How an Ocean View is Making Our Competition Irrelevant
And other things you should know about your competitors.
I used to think a lot about our competitors. And with good reason. What entrepreneur do you know that doesn’t spend some time thinking about how to outdo their competition?
About a year ago, I read a book that changed my way of thinking forever.
I learned that in order to achieve massive growth, you would have to change the way people saw what you offered.
So for consumer facing products, we decided to operate on a low-inventory strategy. Our products are never currently available. You typically have to join an email list in order to be notified of a pending registration. It keeps demand high & our inventory manageable.
As I spent more time with this book, I learned to graph each of our products against what the market offered to see where we could improve & innovate.
For Travel Noire Experiences, I looked at the landscape of group trips & plotted their features on a graph. I read reviews, I asked friends. I did a ton of research. I wanted to get a better understanding of what customers wanted & what they could live without. And it was the foundation of building a truly artisanal experience.
As you begin your blue ocean strategy research, you want to understand where the market is headed, even before the market knows it‘s headed there. You want to start having conversations about the things no one else is telling them they need to consider.

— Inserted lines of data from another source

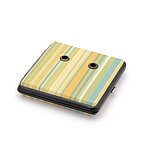 NEU-Rohretui, Textilfinish-Optik, gelb-grün-blau, Metallrahmen, für 4 Rohre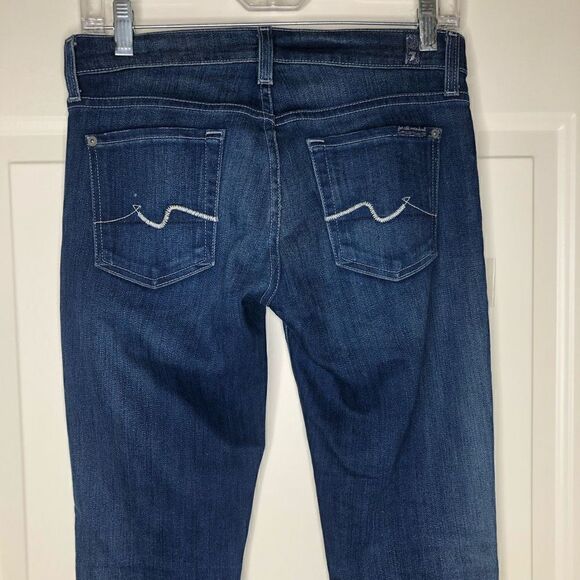 7 For All Mankind Roxanne Medium Wash Jeans - Picture 4 of 11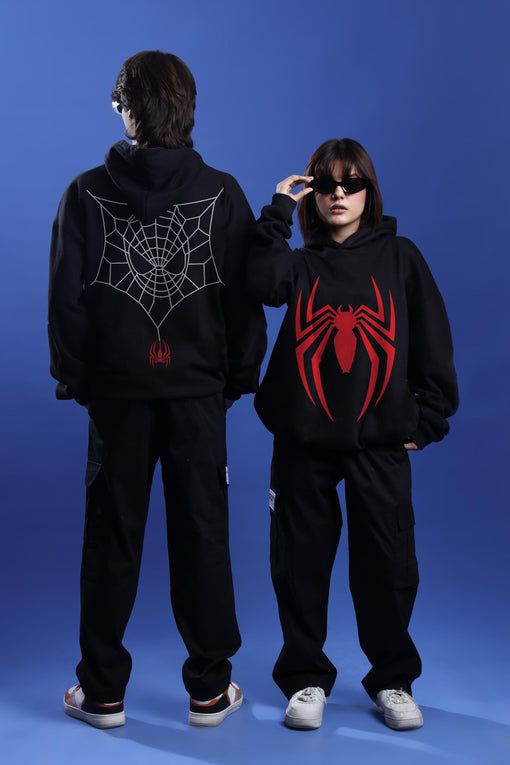 Conjunto Sudadera, Pants | Negro | Hombre Araña | Pareja Oversized Hoodies & Sweatshirts – Shop Now!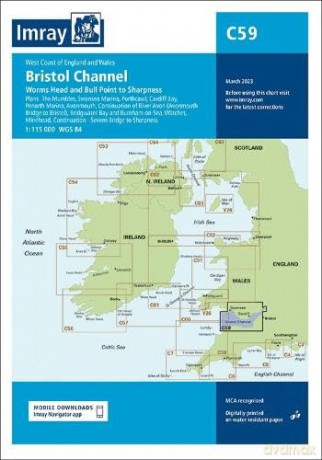 Imray Chart C59 Bristol Channel - Imray [KSIĄŻKA]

Most businesses try to focus all of their attention on selling, servicing and talking about where their market is today. They create products and services to sell to people who are already demanding those products and services.

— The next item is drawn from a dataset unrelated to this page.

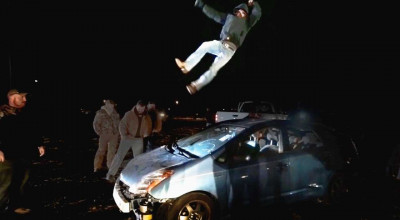 Diesel <span style='background: #ff0000'>Trucks</span> Destroy a Prius - The PRIUSPOCALYPSE - Photo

There’s nothing wrong with that focus, but everyone else is swimming in that same ocean.
Think of it like this:
Each company is a shark. If you’re swimming in the same sea as your competitors, the water turns red (let’s face it, competition can get nasty) because everyone’s after the same fish. But if you’re in a blue ocean, you’re free to swim on your own. As fast or as slow as you want to.
To deepen your understanding of creating a blue ocean, you’ll want to break your market into three kinds of customers — I’ll call them Scouts, Sparks and Early Adopters.
Scouts are your customers today. They have a need & found your solution based on a search of some kind.
Sparks will offer the greatest amount of growth. They’ll have a need for your product as a result of some type of life cycle change, calendar event, budget refresh or office relocation.
Lastly, Early Adopters are the ones who are super passionate about where your industry is headed. They buy early, evangelize and go to great lengths to be the first to the table. They’re looking for brands & products that help them validate their journey.
What we’ve done at Travel Noire is we’ve given our scouts what they want in order for us to gain market share & but we deeply understand the triggers that can turn scouts into extreme spark buyers.
We focus our marketing and brand positioning to bring early adopters to the fold. We make our competition irrelevant by communicating the things they’re not.
The key lies in understanding how to move your brand where the early adopters are. And this is how we’re changing the context of our brand. It’s how we’re rising above commodity sellers fighting for a profit in the scout space.
Always remember this: Bad Competitors require you to make your move first. They can’t innovate. You move into a blue ocean. Bold growth only comes from equally bold thinking.